Particolarmente divertente e umoristica, per esempio, è la scena in cui Hitler entra in una sede della Npd, sbraitando contro i militanti che accusa di avere trasformato il nazionalsocialismo in una barzelletta ridicolizzata pubblicamente. Questa scena, però, è accompagnata da spezzoni di documentari in cui Masucci, travestito da Hitler, gira diverse località tedesche e si ferma in diverse birrerie a discutere con i cittadini della situazione politica e sociale della Germania contemporanea. È sorprendente come molti di essi, pur riconoscendo la natura ludica della situazione, non abbiano esitato ad affrontare discorsi seri, dichiarando apertamente cosa faccia loro più paura per il futuro: l’elevata presenza di stranieri, la perdita di identità, la disaffezione per la classe politica e per le istituzioni.

È a causa di queste paure che, secondo il regista, potrebbero emergere in Germania mobilitazioni popolari che destabilizzino il Paese.

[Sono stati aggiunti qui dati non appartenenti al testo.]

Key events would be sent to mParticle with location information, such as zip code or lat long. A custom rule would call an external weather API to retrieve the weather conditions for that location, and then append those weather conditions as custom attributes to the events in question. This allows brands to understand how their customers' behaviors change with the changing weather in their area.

Il messaggio che lancia è che, nonostante tutto, sia possibile che le argomentazioni con cui Hitler raggiunse il potere siano ancora presenti nella società, anche se in forma e modalità diverse. Particolarmente decisa è la denuncia della possibilità che i nuovi media non siano un argine ai totalitarismi, ma ne possano facilmente essere un mezzo. Il nuovo Hitler, per esempio, viene fatto entrare a contatto con le più moderne tecnologie che, dopo una iniziale fase di spaesamento, riesce a dominare senza rinunciare all’ortodossia estrema della sua Weltanschauung. Televisione satellitare, smartphone, Google e Youtube diventano un nuovo mezzo per veicolare le stesse teorie in maniera moderna.

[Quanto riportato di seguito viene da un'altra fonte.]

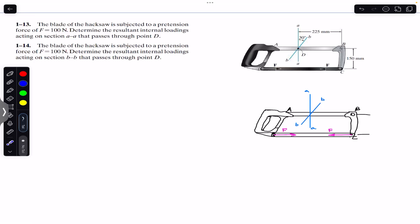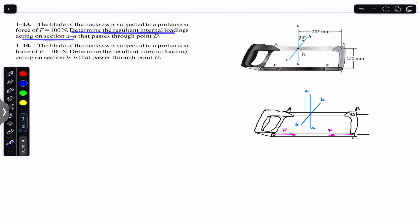Hello students, welcome back to Engineers Academy. Do hit the subscribe button if you are here for the first time. Now we are going to solve these two problems which say that the blade of a hacksaw is subjected to a pretension force of 100 Newton. Determine the resultant internal loadings acting on section AA and section BB that pass through point D.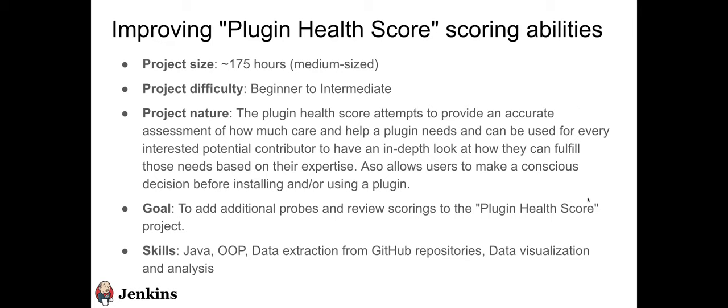Plugin health score attempts to provide an accurate assessment of how much care and help a plugin needs in its current state and can be used for every interested potential contributor to have an in-depth look at how they can fulfill those needs based on expertise. This means that it offers kind of some metrics to a user or a contributor to decide how much work they need to do to make the plugin functional or to restore itself and make it have a very good health score. So it also allows users to make a conscious decision before installing and using a plugin.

Il film non si azzarda a fare previsioni per il futuro. Fa emergere però un fattore chiaro: che in Germania la figura di Hitler continua a vendere. A tal proposito si è focalizzata anche una ricerca della popolare rivista "The European", secondo la quale la faccia baffuta di Hitler è diventato il marchio che maggiormente vende sul mercato tedesco. Perché? Secondo i redattori perché quello che il Fuhrer esercita è un fascino minaccioso dovuto dalla descrizione buia e malvagia che i media tedeschi fanno della sua personalità. L’era nazionalsocialista è descritta come il male assoluto e questo male è un’enorme attrazione che per vendere ha bisogno di un logo, di una faccia: quella di Hitler, che è dunque diventata l’icona commerciale tedesca più venduta di tutti i tempi.

Sempre secondo "The European", che ha ribattezzato questo fenomeno con il nome di “Hitlertainment”, ogni film che nel titolo abbia il suo nome viene visto di più, ogni rivista con la sua faccia in copertina vende più copie. E il successo che lui è tornato sta riscuotendo sembra potere confermare questa teoria.